メールやチャット、SNSなどのコミュニケーションツールが多様化したことにより、従来のコールセンターがコンタクトセンターと呼ばれるようになった背景があります。

コンタクトセンターの業務内容

コンタクトセンターの業務には、インバウンド業務とアウトバウンド業務があります。ここでは、両者について解説します。

インバウンド業務

インバウンド業務とは、顧客からの問い合わせを受ける業務です。商品・サービスに関する問い合わせや注文内容の確認、クレーム対応、テクニカルサポートなども含まれます。

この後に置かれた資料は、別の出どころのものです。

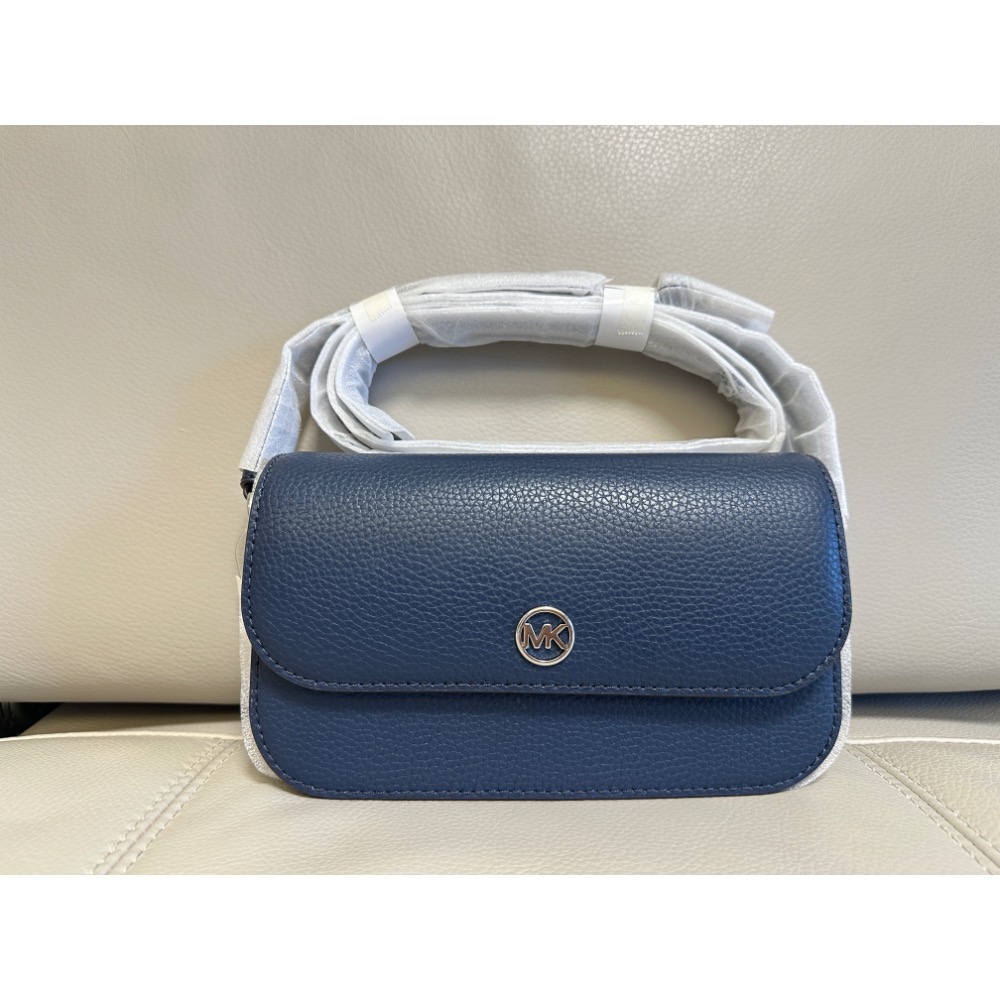 MICHAEL KORS 牛皮斜背包-細節圖4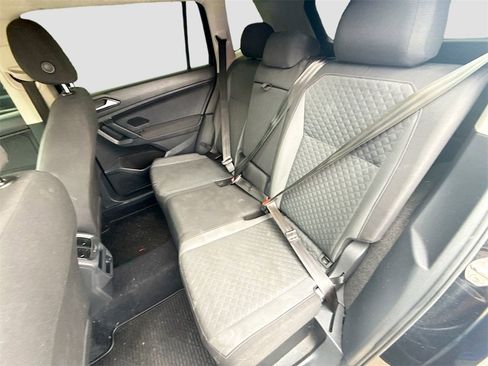 Used 2018 Volkswagen Tiguan S image 22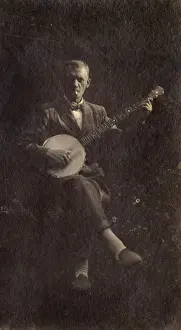 Mann spielt Banjo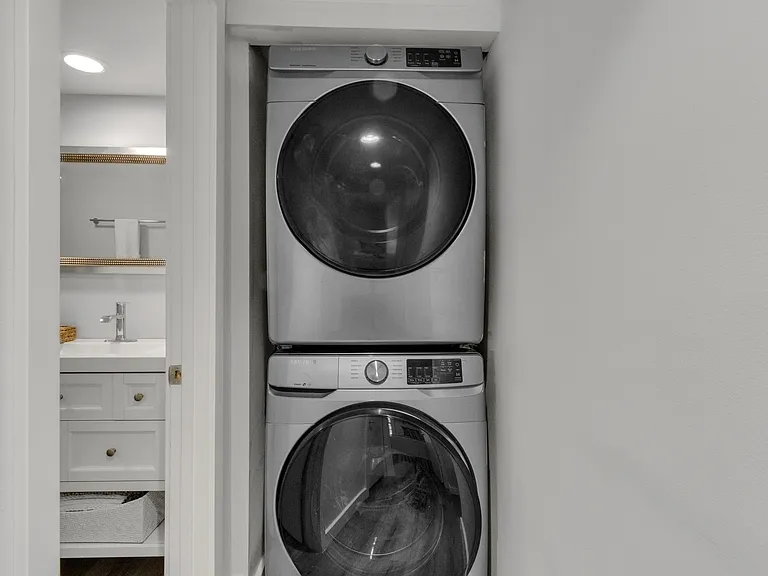 In-unit washer/dryer combo
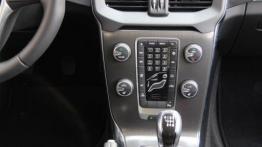Volvo V40 1.6 T3 150KM - galeria redakcyjna - konsola środkowa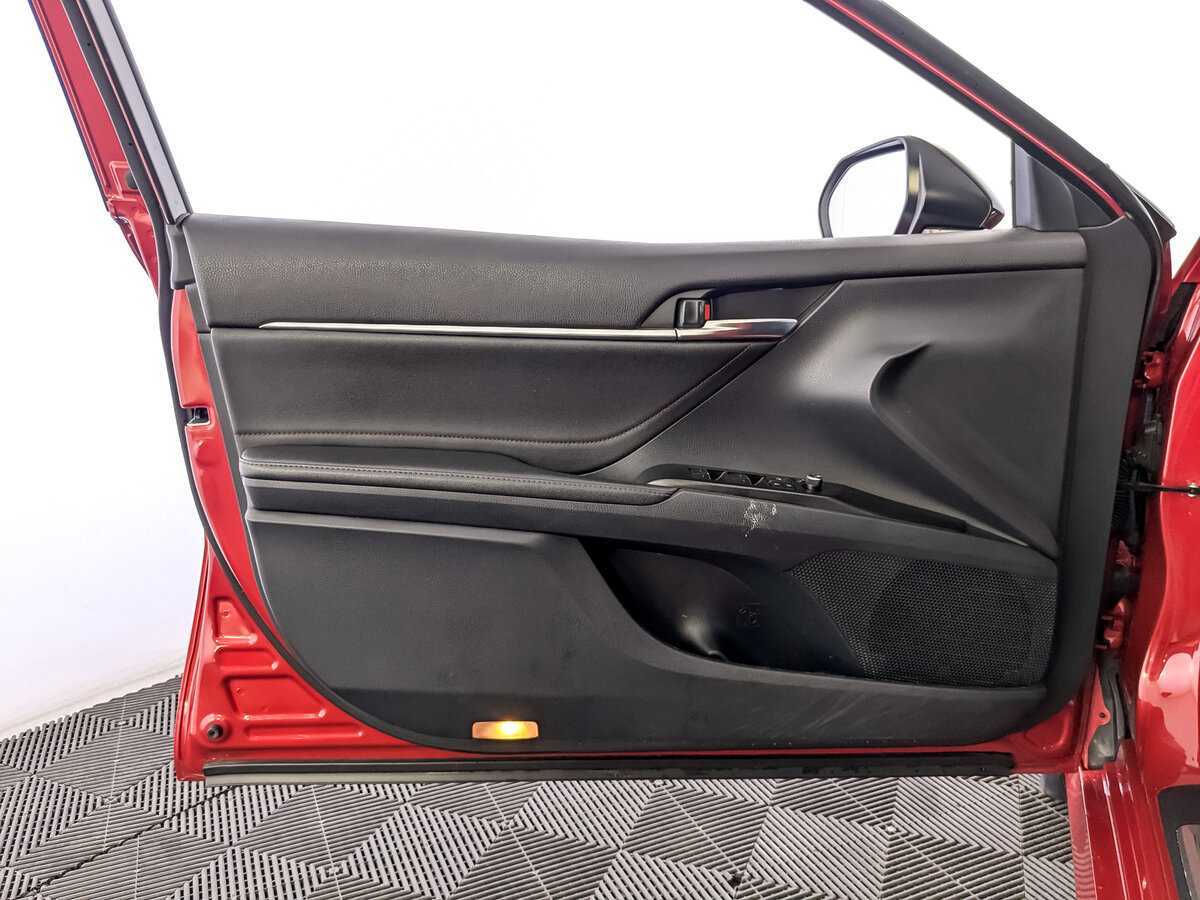 Toyota Camry, 2021 Фото №15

インバウンド業務ではどのような問い合わせがあるかわからないため、幅広い商品知識や対応力が求められます。

アウトバウンド業務

アウトバウンド業務とは、企業から顧客へ発信する業務です。たとえば、商品・サービスのセールス、キャンペーンの案内、アンケート調査、督促などもアウトバウンド業務に含まれます。 また、電話やメール、テレビ電話システムなどのツールを使って営業を行う「インサイドセールス」もアウトバウンド業務の一つです。

【関連記事】インバウンド・アウトバウンドとは?コールセンター効率化の方法も紹介

コンタクトセンターが注目される背景

続いて、コンタクトセンターが注目される背景について見ていきましょう。

コミュニケーション手段が多様化している

コンタクトセンターが注目される背景の一つに、コミュニケーション手段の多様化が挙げられます。総務省が発表した「令和6年版 情報通信白書」によると、2023年のインターネット利用率(個人)は86.2%で、端末別の利用率ではスマートフォンが72.9%、パソコンが47.4%となっています。

かつては電話が主な問い合わせツールとして活用されていましたが、近年はスマートフォンやパソコンなどによるメール、アプリ、SNSからの問い合わせへと移行しています。顧客によって好むコミュニケーション手段は異なるため、企業は顧客満足度を高めるためにもコンタクトセンターを設置し、オムニチャネル化する必要性が高まっているのです。

出典:総務省|令和6年版 情報通信白書

顧客体験(CX)の重要性が増している

近年、顧客体験(CX)の重要性が高まっています。顧客体験とは、商品・サービスの認知から購入後のサポートまでの一連の体験を指します。商品広告や接客への印象、店舗の雰囲気、アフターサポートなども顧客体験に含まれる要素です。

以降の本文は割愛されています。